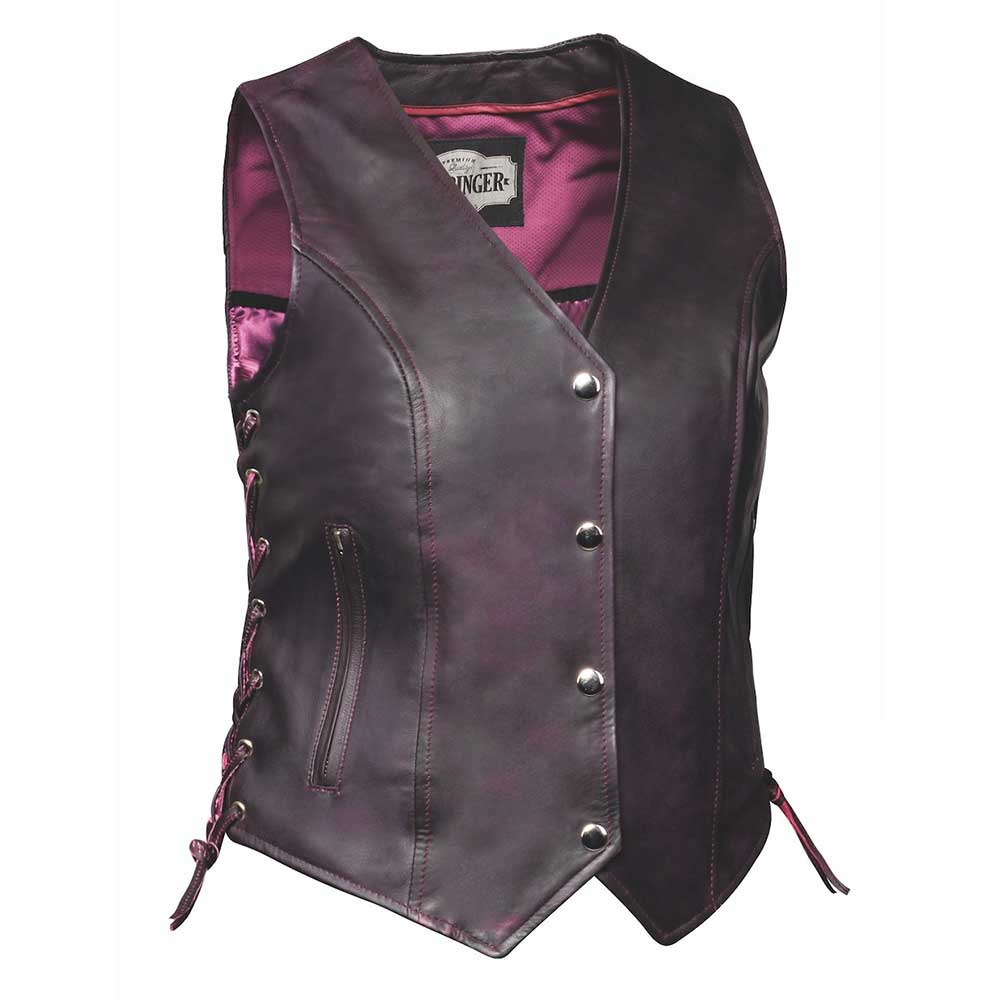 PURPLE LEATHER VEST
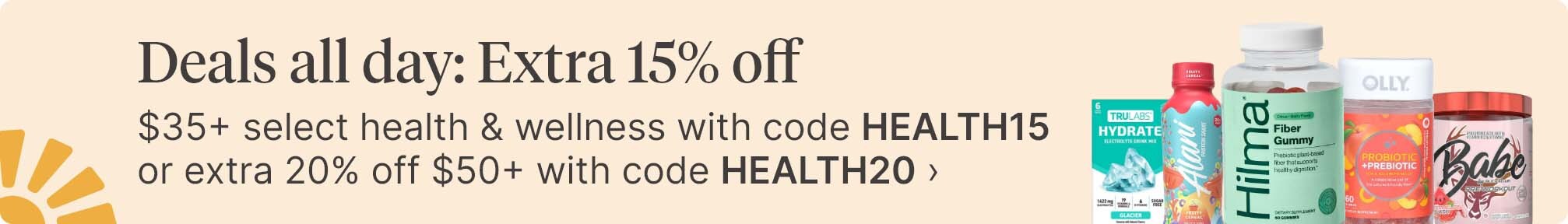 Deals all day: Extra 15% off $35+ select health & wellness with code HEALTH15 or extra 20% off $50+ with code HEALTH20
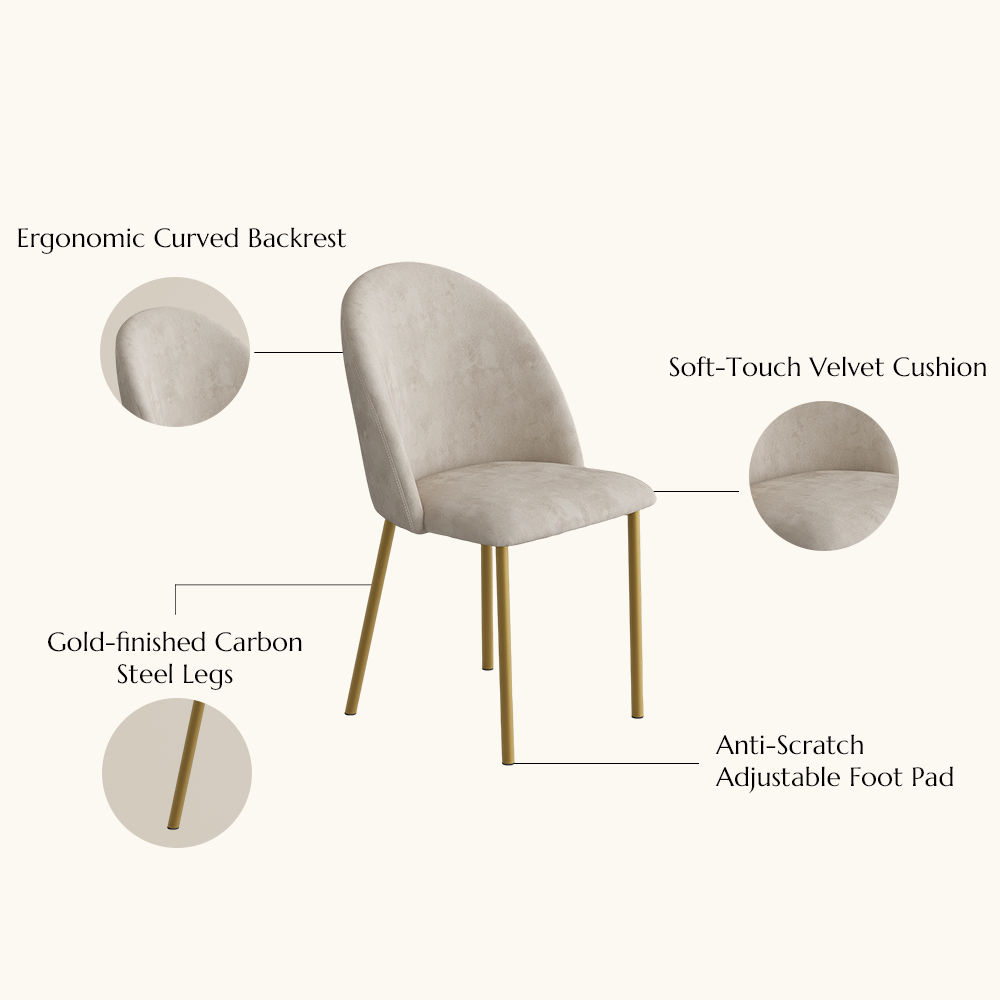 Barrel Beige & Gold Velvet Dining Chairs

Directions for this task: Print the data once more without any change, skipping each picture.

Worked solution:
 PURPLE LEATHER VEST
 Deals all day: Extra 15% off $35+ select health & wellness with code HEALTH15 or extra 20% off $50+ with code HEALTH20
 Barrel Beige & Gold Velvet Dining Chairs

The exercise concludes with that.